What are the ethical implication of these forms of speech? This is the real rub, the friction of any effort to do ethics through literature. I have already said that we do ethics through speech, that speech is necessary to ethical practice, that the lack of language is often, along with bad luck and limited opportunities, one of those circumstances which tends to impede the fulfillment of virtue. But an increase in the ability to speak does not necessarily lead to a more virtuous life. There are a couple of reasons for this. The first is that since ethics cannot be divorced from its social context, the demands for speech will vary according to the context in which a character finds himself. It may at times be more fitting to be a speechless warrior than a reasonable gentleman or prolix poet. Speech is not always desirable, only appropriate speech is always desirable. In certain settings: command, great stress or danger, in which succinctness and strict self-control are the greatest desiderata, a limiting of speech can be a moral imperative. Another check on language's usefulness in ethical terms that is particularly applicable to the genre of war literature is the complex, divided, one might almost say inverse relationship between language and maleness (alluded to by writers as diverse as linguist Carol Gilligan, philosopher Steven Smith, and literary and cultural critic Peter Middleton). If virtue is to be thought of as a kind of ethical flourishing or fulfillment, I would argue, then some part of the terms of that fulfillment are established by one's gender. On the way to becoming a good person, a male must become a good man, which means that certain types of speech are problematic or even proscribed for him. Too much speech, especially about the emotions, may be inconsistent with virtue for the male.

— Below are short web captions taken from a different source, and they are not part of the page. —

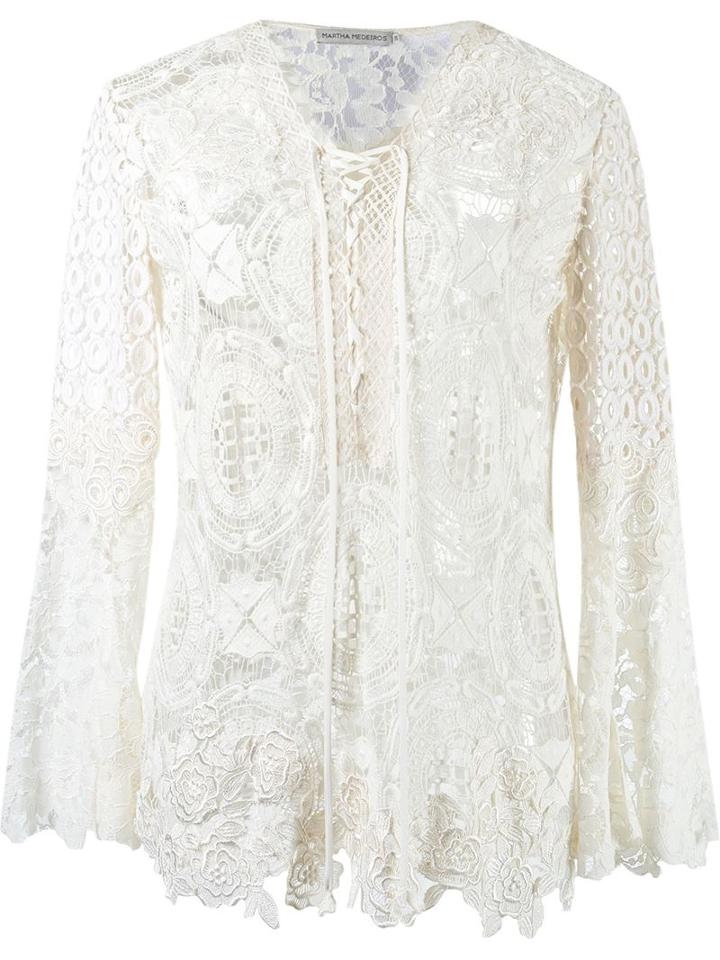 Martha Medeiros Lace Tunic, Women's, Size: 40, White, Cotton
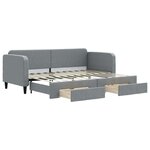 vidaXL Lit de jour avec gigogne et tiroirs sans matelas 80x200 cm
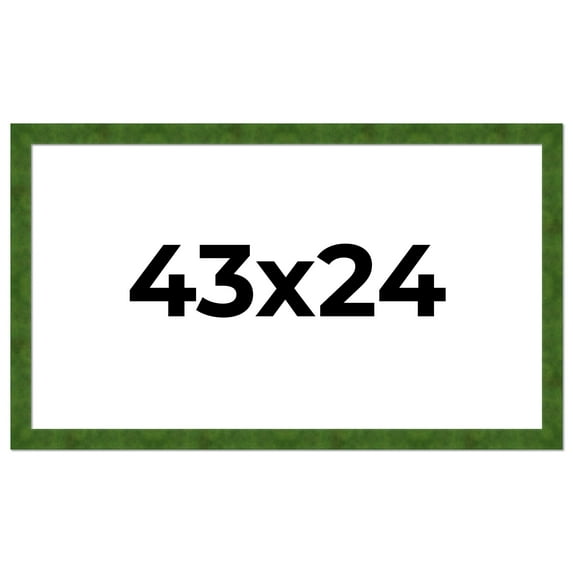 43x24 Frame Green Burl Solid Wood Picture Frame | 1.75 Inches Moulding Width | Interior Frame Depth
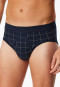 Sports briefs Fine Interlock fly patterned midnight blue - Fine Interlock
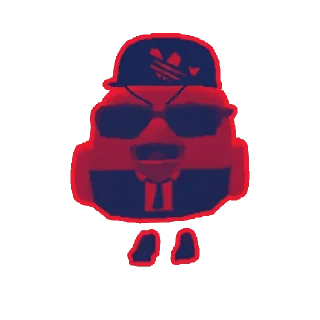 Sticker from Тимофей чикен ган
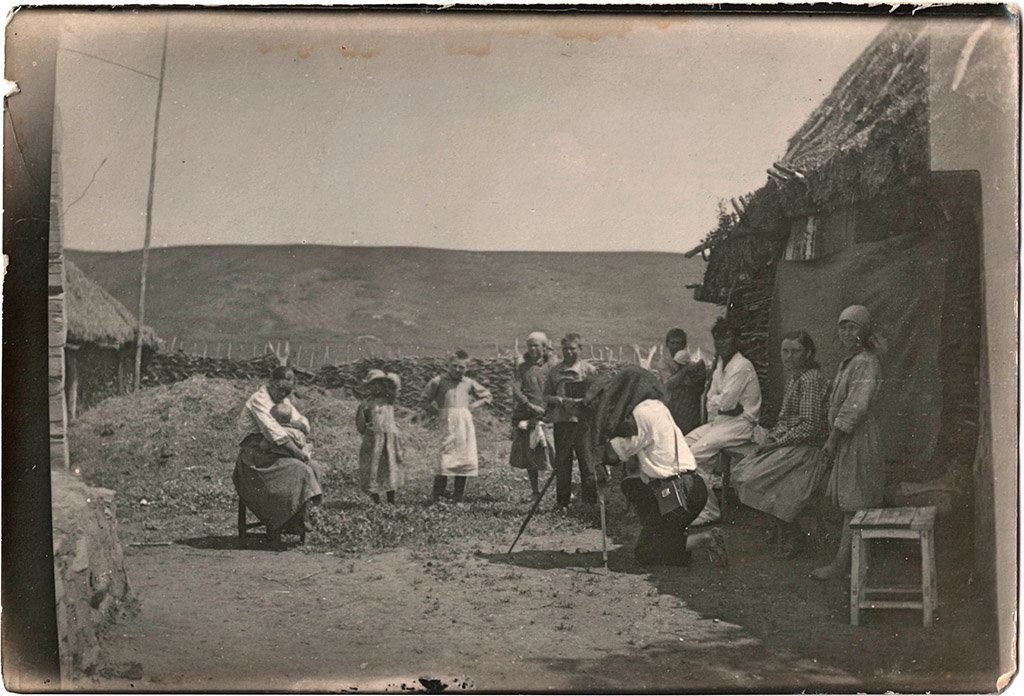 Съемка в селе Дмитриевское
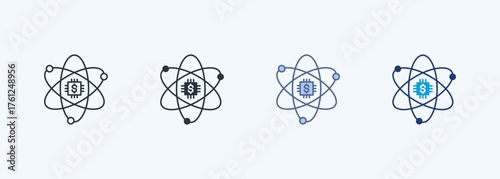 Quantum Computing Multiple Style Icon Collection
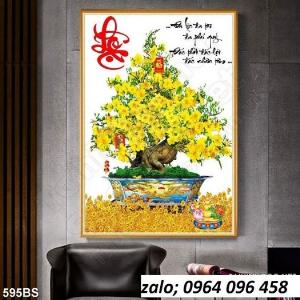 Gạch tranh 3d hoa mai vàng - SHDC44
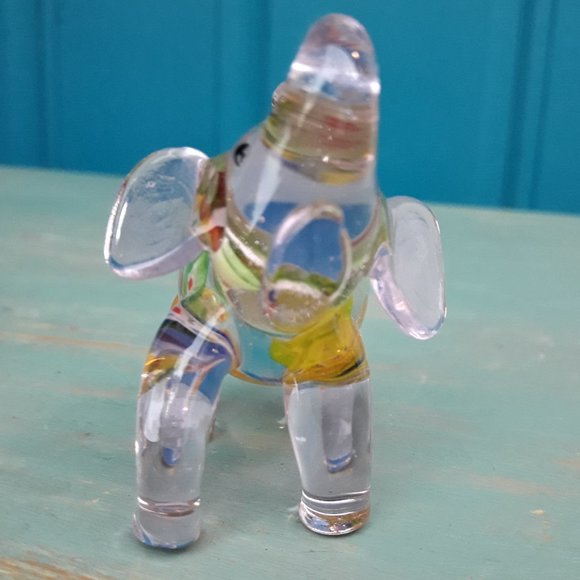 Murano Glass Elephant Millefiore Multi Colored Blown Glass Handmade Figurine - Picture 12 of 16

Given the social context of virtue, the discursive, socially embedded stance that I have labeled gentlemanly is probably generally preferable to the other two, but this is not an absolute. The tendency of language to aid ethics, like that of war towards its absolute form, must always be reckoned with, even when practical matters impede this tendency. The three character-types that I have identified may be thought of in terms of a trajectory of aspiration, in which the soldier's tale depicts efforts to learn more appropriate speech.
I would like at this point to call on the pull of narrative to bring some of these points together. I'll use a passage in the middle volume of Waugh's trilogy. This passage illustrates some of the points which I have been making about how to do ethics with language, since it shows two characters who are having a conversation about ethics, and about the limitations of trying to apply rules or predict outcomes as fruitful ways of doing ethics. It also provides a link between talking about ethics, "doing" ethics as I have defined it, and ethical practice, the word and the act. A key moment in the trilogy occurs when Guy and his friend Ivor Claire learn that the general commanding British forces on Crete has fled the island, leaving behind him orders that those units remaining are to surrender to the advancing Germans in the morning. The conversation between the two men, and its aftermath, demonstrates some vital aspects of the gentlemanly discourse in Waugh:
"Guy, what would you do if you were challenged to a duel?"
"Laugh."
"Yes, of course."
"What made you think of that now."
"I was thinking about honour. It's a thing that changes doesn't it? I mean, a hundred and fifty years ago we would have had to fight if challenged. Now we'd laugh. There must have been a time when it was rather an awkward question."
"Yes. Moral theologians were never able to stop dueling -- it took democracy to do that."
"And in the next war, when we are completely democratic, I expect that it will be quite honourable for officers to leave their men behind. It'll be laid down in King's Regulations as their duty-- to keep a cadre going to train new men to take the place of prisoners."
"Perhaps men wouldn't take too kindly to being trained by deserters."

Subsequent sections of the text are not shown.